The first step to winning a game is to be a participant in it. The consequences of a continued under-participation in tech careers by historically marginalized populations will lead to a furthering of economic stratification and inequity. More avenues for participation must be developed and more people must participate for collective economic empowerment at the community level to take place.
This is the time to find innovative ways to get students of all ages off the sidelines and into the game. Too many people are watching from the sidelines believing that they don’t have what it takes to be able to get out on the field. Limiting beliefs may prevent some from participating when they have the potential and capacity to flourish.
There is a need for initial exposure to the multitude of roles within the tech economy and then for pathways to be created for interested students to delve deeper into their preferred area of interest. This will take both competent people and dedicated resources to provide some level of consistency and continuity.
It is important to note that everyone does not have to be directly involved in software development. There are various ways to participate in tech-related programming including robotics, gaming, graphic design, sales, and marketing among others. There are also transferrable skills that may have been cultivated in other industries that can be utilized within the universe of tech economy participation.
Getting people started and participating at some level puts them in a position where they can build momentum and gain skills that can qualify them to play at a higher level. Capacity can be increased after participation has begun. There will no doubt be gaps in the ability of people to play initially, but if they are given equitable facilities, instruction, and opportunities then their chances to be competitive in the tech marketplace are likely to increase dramatically.
Capacity building activities can also be embedded into the co-curricular and extra-curricular culture and processes of schools and communities in the same way that sports like basketball and football are. In sports, player capacity and performance are improved through coaching and practice. Skills are sharpened through camps, drills, and competitions.
Additionally, there are individual regimens and ways that people can work on their craft outside of formal settings. These are all ways that sports training methods can be transferred to tech. Apprenticeships, certificate programs, and other training platforms can also be established or bolstered to get unskilled or semi-skilled individuals the additional training that they need to be competitive in the tech workplace.
Critical tech courses can also be embedded in the core curriculum of school systems. The relevance of some existing required classes is questionable at best. A “Flintstones” academic program is not optimal for a “Jetsons” world. Development opportunities that provide exposure, information, hands-on activities, and connectivity to further capacity building infrastructures are starting points where people can identify their interests and accelerate in their chosen pathways.

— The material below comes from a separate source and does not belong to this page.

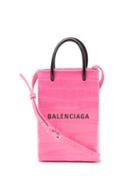 Balenciaga - Shopping Mini Croc-effect Leather Cross-body Bag - Womens - Fuchsia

After the initiation of participation and capacity building, there must be intentional efforts to open up the doors of tech employment and entrepreneurship. Exposure and opportunity without tangible benefits at the culmination of the process is not sufficient. Preparing people to walk through the gates of tech opportunity will be to little avail if the gates are locked. Beating down the doors with qualified applicants is the first step to nullifying the excuse of not finding enough “qualified” tech workers.
Economic development for most people means gaining access to a higher paying job, the window is open with tech for more individuals to do that and ultimately improve financial conditions for themselves, their families, and their communities.
A radical change in tech participation that is initiated and sustained would go a long way towards producing the kind of economic transformation that can lift individuals and communities into higher levels of educational achievement, social mobility, and better health outcomes.
Dr. Marcus Bright is a scholar and social impact strategist.